There is, after all, far more to journalism than simply repeating what someone says. Witness Donald Trump.

Which brings me to Anna De Luca.

She became editor of The Baron, the online student newspaper at the University of New Brunswick’s Saint John campus, in January.

She promptly ran an uncritical question-and-answer, then a 2,000-word commentary by the leader of something called the National Socialist Canadian Labour Revival Party.

“I don't believe that a single Arab individual, or a single African individual, or a single native individual had anything to do with building a single building in Toronto or Montreal or Ottawa or Vancouver when our forefathers settled this land,” Michael Thurlow told a CBC reporter in one interview.

You get the idea.

De Luca was scolded for giving him a forum free of tough questions. She hit back.
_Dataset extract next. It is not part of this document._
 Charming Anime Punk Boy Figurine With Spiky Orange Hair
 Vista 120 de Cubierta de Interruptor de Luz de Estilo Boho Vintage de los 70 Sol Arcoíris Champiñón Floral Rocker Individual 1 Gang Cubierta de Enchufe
“In this age of extreme polarization, I saw gaining captainship of this publication as an opportunity to provide a diverse collection of contributors the ability to speak their truth – whatever that truth may be. I promised myself that I would never censor, never correct or challenge,” she said.

Um, no.

People may be entitled to their opinions, but those opinions are not entitled to respect. That’s earned. It’s up to journalists to question what they’re told, not simply repeat it because it’s someone’s “truth.”

Welcome to Journalism 101.

Still, some good came out of this. I posted the ‘not a tape recorder’ note and a link to the story on Facebook. It set off an interesting discussion between two people who know something about journalism - the publisher of the newspaper I ran as editor for years, and the editor who came before me.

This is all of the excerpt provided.